** Dataset records **
——————
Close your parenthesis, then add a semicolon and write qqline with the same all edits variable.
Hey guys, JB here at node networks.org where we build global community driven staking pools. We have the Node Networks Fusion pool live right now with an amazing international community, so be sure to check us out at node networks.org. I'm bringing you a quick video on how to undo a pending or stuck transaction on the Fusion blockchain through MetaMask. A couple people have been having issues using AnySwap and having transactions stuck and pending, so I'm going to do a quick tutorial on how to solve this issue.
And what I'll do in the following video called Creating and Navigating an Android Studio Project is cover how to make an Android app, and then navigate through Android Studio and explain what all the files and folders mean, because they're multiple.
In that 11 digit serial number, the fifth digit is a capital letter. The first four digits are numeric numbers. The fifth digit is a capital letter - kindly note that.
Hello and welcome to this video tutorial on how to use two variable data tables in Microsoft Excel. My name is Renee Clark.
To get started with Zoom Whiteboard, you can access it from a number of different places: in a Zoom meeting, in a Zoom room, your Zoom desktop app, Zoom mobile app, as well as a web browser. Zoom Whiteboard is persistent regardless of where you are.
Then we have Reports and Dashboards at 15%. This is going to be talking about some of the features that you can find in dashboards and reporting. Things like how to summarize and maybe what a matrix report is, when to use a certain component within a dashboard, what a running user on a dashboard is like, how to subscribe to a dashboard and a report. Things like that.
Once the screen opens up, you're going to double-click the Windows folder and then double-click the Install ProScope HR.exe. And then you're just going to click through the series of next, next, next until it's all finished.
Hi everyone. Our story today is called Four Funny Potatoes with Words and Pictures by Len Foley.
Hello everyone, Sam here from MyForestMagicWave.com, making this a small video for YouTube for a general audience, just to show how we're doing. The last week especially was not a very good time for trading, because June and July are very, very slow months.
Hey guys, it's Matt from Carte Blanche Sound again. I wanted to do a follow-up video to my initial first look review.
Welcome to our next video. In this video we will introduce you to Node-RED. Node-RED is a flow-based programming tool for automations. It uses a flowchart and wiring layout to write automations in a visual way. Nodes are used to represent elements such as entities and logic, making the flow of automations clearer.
——————
If a line of the material contains the word "what", count it; please reply with the total and nothing more.

** Task response **
2